A/B Test includes application of statistical hypothesis testing or better said "two-sample hypothesis testing". That means A/B Test is used to compare the difference between two samples considering two assumptions.

First assumption of parametric A/B Test is Normal distribution (Normality test) and the second is Homogeneity of variances (homoscedasticity).

* Normality test - Calculates if dataset is well-modeled by a normal distribution. 
* Homogeneity of variances - Means that if all of it's random variables have the same finite variance.

 in the continuation..

* Independent two-sample t-test (parametric test) if assumptions are met
* Mannwhitneyu test if assumptions are not satisfied (non-parametric test)
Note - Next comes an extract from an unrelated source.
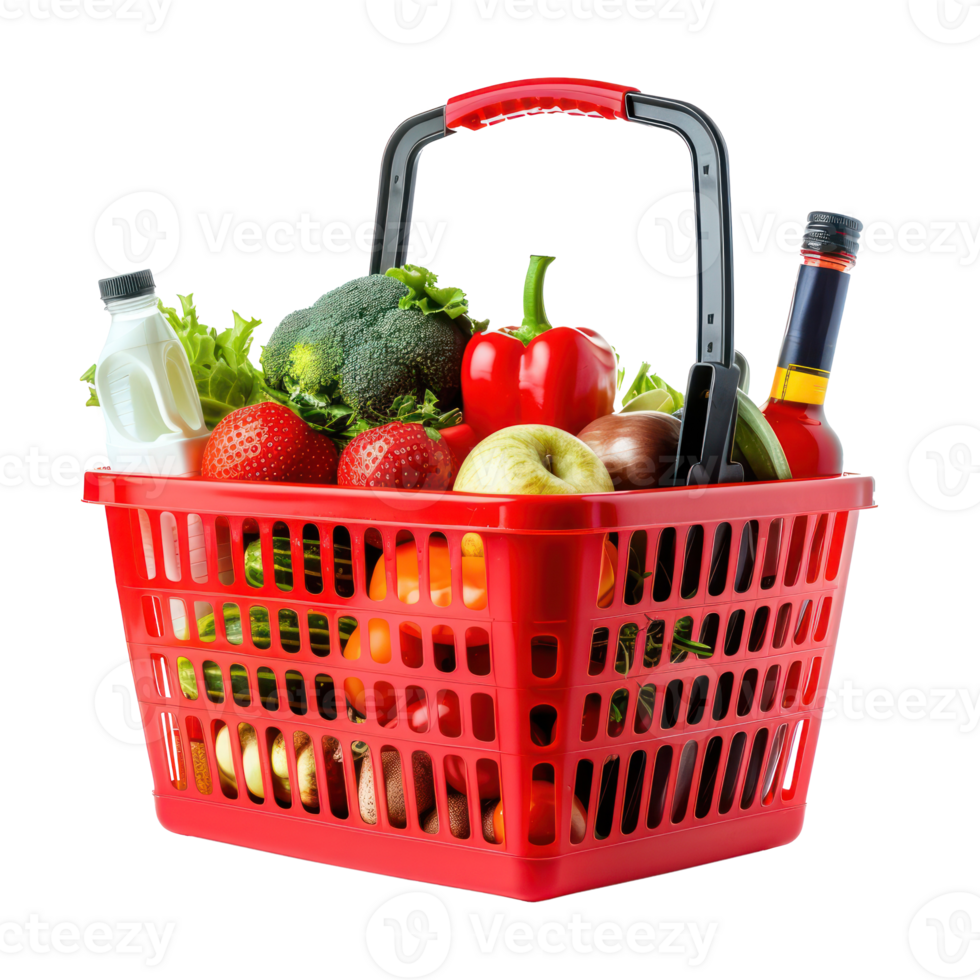 Red plastic Shopping basket with variety of grocery products front view isolate on transparency background png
![image.png](attachment:72530f5e-917b-4d1a-8e94-4cc2c5942e2c.png)

### We Have Business Problem: 
---
A company recently made it available new type of bidding named "Average bidding" to replace the previous one named "Maximum bidding" for advertisement bids.

One of our customers, decided to test this new feature. Is the new "Average bidding" bringing more sales than the "Maximum bidding"?

### Dataset Story:
---
Users in the datasets is using our customers products. Change on advertisement bidding type is thought to have a different effect on sales, adv clicks, etc.

There are two separate data sets:

Control Group - The dataset formed by using "Maximum bidding"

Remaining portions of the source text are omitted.